=== Section Start ===

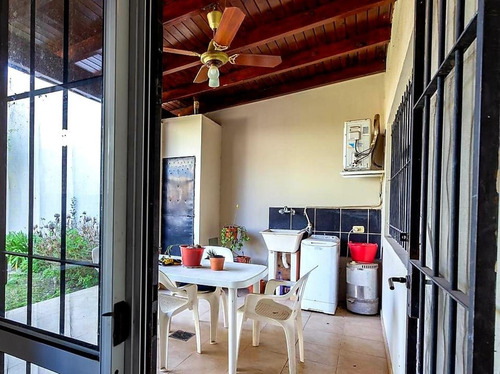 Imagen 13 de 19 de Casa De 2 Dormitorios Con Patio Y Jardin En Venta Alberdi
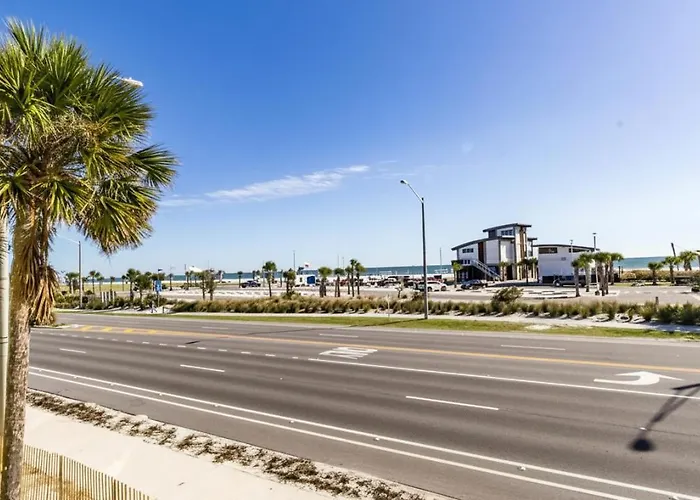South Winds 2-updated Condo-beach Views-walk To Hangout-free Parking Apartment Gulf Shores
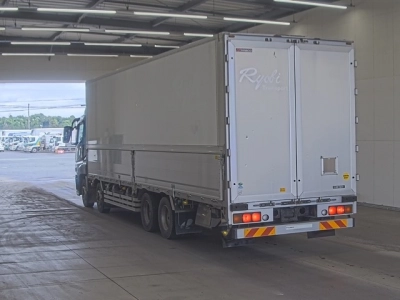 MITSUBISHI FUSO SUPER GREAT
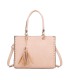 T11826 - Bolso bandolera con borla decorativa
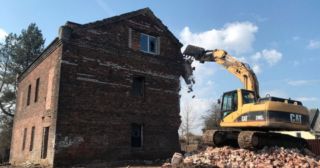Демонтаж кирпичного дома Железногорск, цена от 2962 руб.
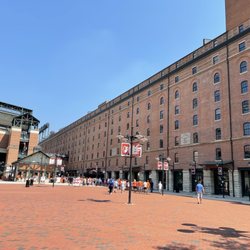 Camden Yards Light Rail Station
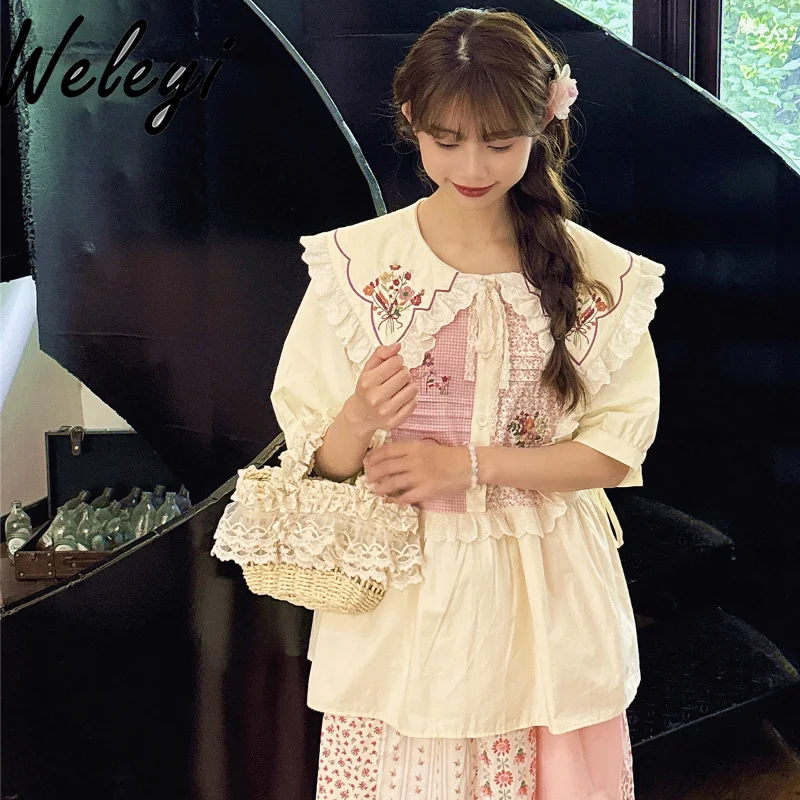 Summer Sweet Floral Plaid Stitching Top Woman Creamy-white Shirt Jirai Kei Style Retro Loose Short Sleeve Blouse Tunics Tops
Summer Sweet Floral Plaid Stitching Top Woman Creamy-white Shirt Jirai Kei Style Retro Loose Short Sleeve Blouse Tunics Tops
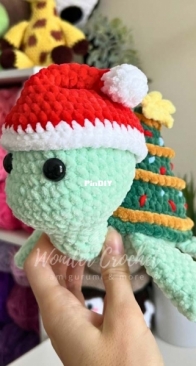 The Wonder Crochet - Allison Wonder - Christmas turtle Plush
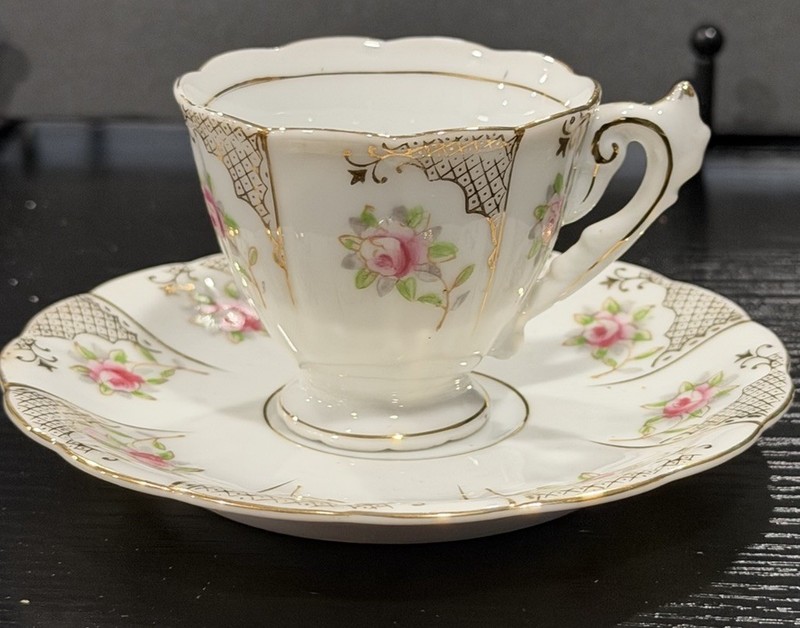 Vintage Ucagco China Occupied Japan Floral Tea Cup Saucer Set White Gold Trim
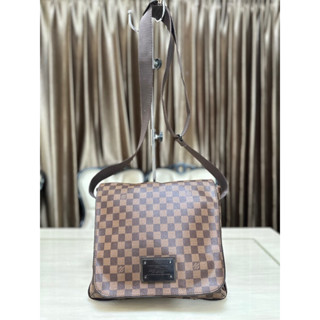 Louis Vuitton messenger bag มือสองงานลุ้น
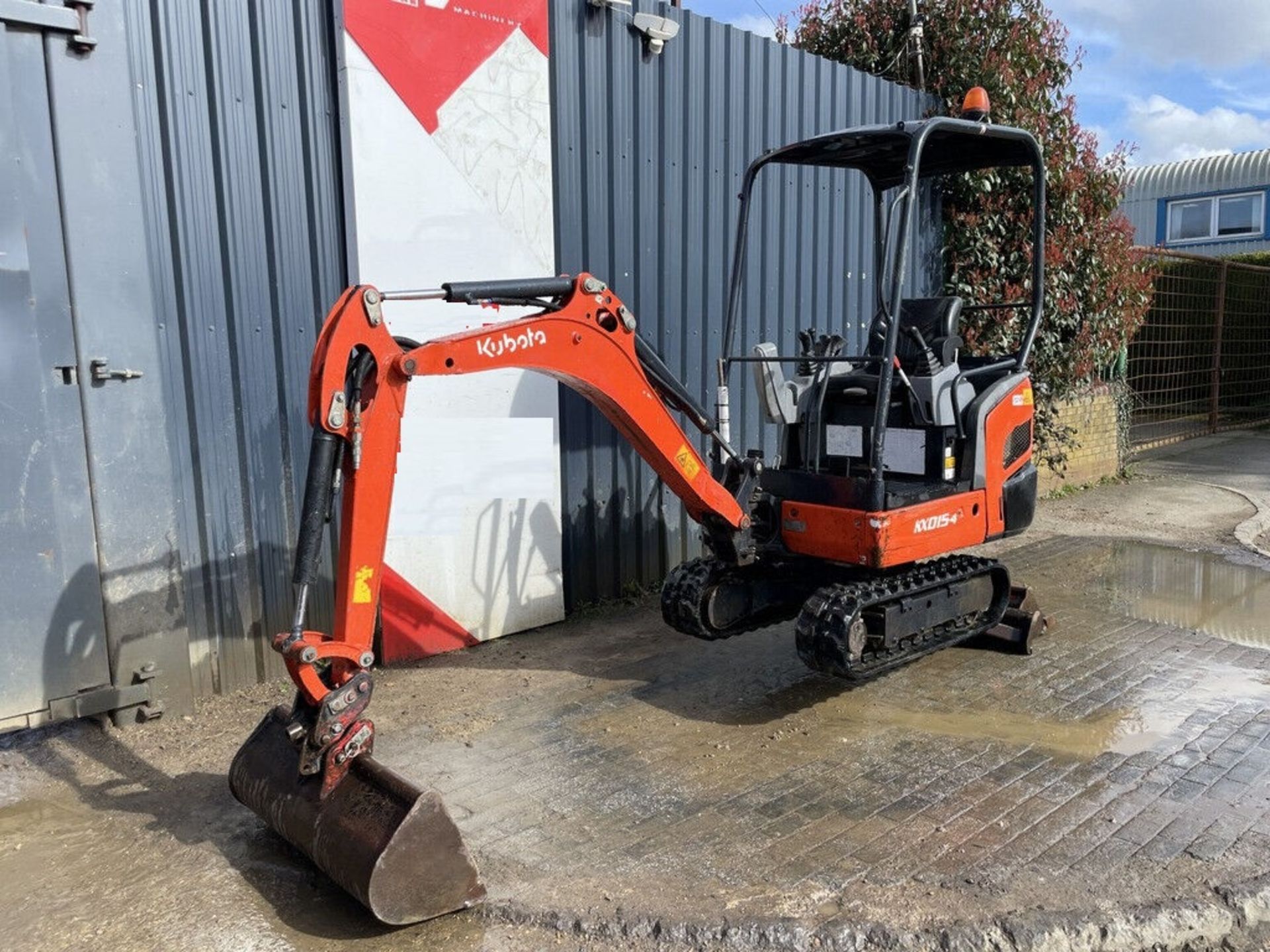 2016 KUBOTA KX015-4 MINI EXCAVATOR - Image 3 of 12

=== Section End ===
=== Section Start ===

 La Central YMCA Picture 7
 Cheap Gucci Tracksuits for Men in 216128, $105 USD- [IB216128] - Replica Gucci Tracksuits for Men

=== Section End ===

* **What the task requires**: Out of the records above, return only the lines from the one with "The Wonder Crochet" through the one with "2016 KUBOTA KX015-4", exactly, and none of the pictures.

* **Worked solution**:
 The Wonder Crochet - Allison Wonder - Christmas turtle Plush
 Vintage Ucagco China Occupied Japan Floral Tea Cup Saucer Set White Gold Trim
 Louis Vuitton messenger bag มือสองงานลุ้น
 2016 KUBOTA KX015-4 MINI EXCAVATOR - Image 3 of 12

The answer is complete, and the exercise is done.